A conservation restriction (CR) is a voluntary legal agreement that permanently limits development—and sometimes other uses—of a property that the landowner continues to own. The limitations are designed to protect the particular features or natural resource values on the land. The CR is granted to a qualified nonprofit entity like a land trust or a town conservation commission, which has the legal responsibility to enforce the terms of the restriction in perpetuity. All future owners are bound by the terms of the CR.
Landowners choose to grant a CR because they want to protect the natural and scenic features of their land, and because they want to retain ownership of their land. With a CR, a landowner can be assured that the property will be protected and cared for forever, regardless of who owns the land in the future.
There can be significant federal income and estate tax benefits, as well as local real estate tax benefits to granting a CR on your land. The Internal Revenue Service allows a federal income tax deduction if the restriction is perpetual, donated “exclusively for conservation purposes,” granted to a qualified conservation organization (or proper government entity) and supported by a “qualified appraisal.” The amount of the tax deduction is determined by the value of the conservation restriction.

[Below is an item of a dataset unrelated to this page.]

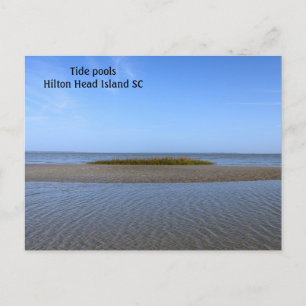 Tide Pools South Carolina Postkarte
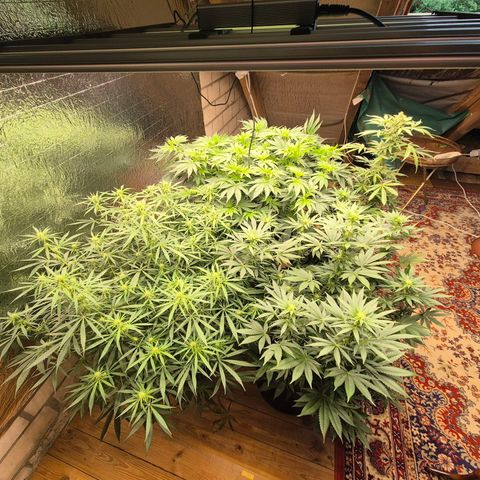 Biscotti (56-70bt) growlog timeline photo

And, while some landowners donate a CR, others may be able to receive payment for extinguishing the development rights of the land.
The land will be appraised by a qualified appraiser to determine the full development potential value of the land as well as the value after a Conservation Restriction is applied and the development potential is removed. A parcel with very limited development potential because of factors like wetlands, steep slopes, or no road access will not have as high a CR valuation as a property with dry ground and adequate frontage on an existing road.
Every CR is unique, tailored to a particular landowner’s goals, the characteristics of the land, and goals of the conservation entity. A CR may allow for hiking trails, hunting, forestry, or other types of activities–or it may not, depending on the landowner’s wishes. Conservation restrictions may cover all or only a portion of a property.
Yes. The landowner continues to own the property after granting a CR. So the owner can sell, give, or lease the property. However, all future owners and users must abide by the terms of the CR.
The public does not automatically have access to land protected by a CR unless it is specifically allowed in the agreement. This is the original landowner’s choice.
The land trust or entity that holds the CR is legally obligated to ensure the terms of the CR are being followed. To do that, they visit the property once a year to monitor the condition of the land. If any problems are found, the land trust works with the landowner to correct the situation. Under extreme violations of the CR terms, legal action may be taken. The land trust usually has no other management responsibilities and does not have control over any allowed activities on the land.
A CR can be placed on different types and sizes of land, though generally 5 acres or more is a preferred minimum. Forests, wetlands, wildlife habitat, farmlands, and scenic areas are all common examples of lands that may be conserved. Land trusts like Kestrel—as well as town or state agencies—have their own criteria that determine whether a property is appropriate for conservation, so each situation must be evaluated individually.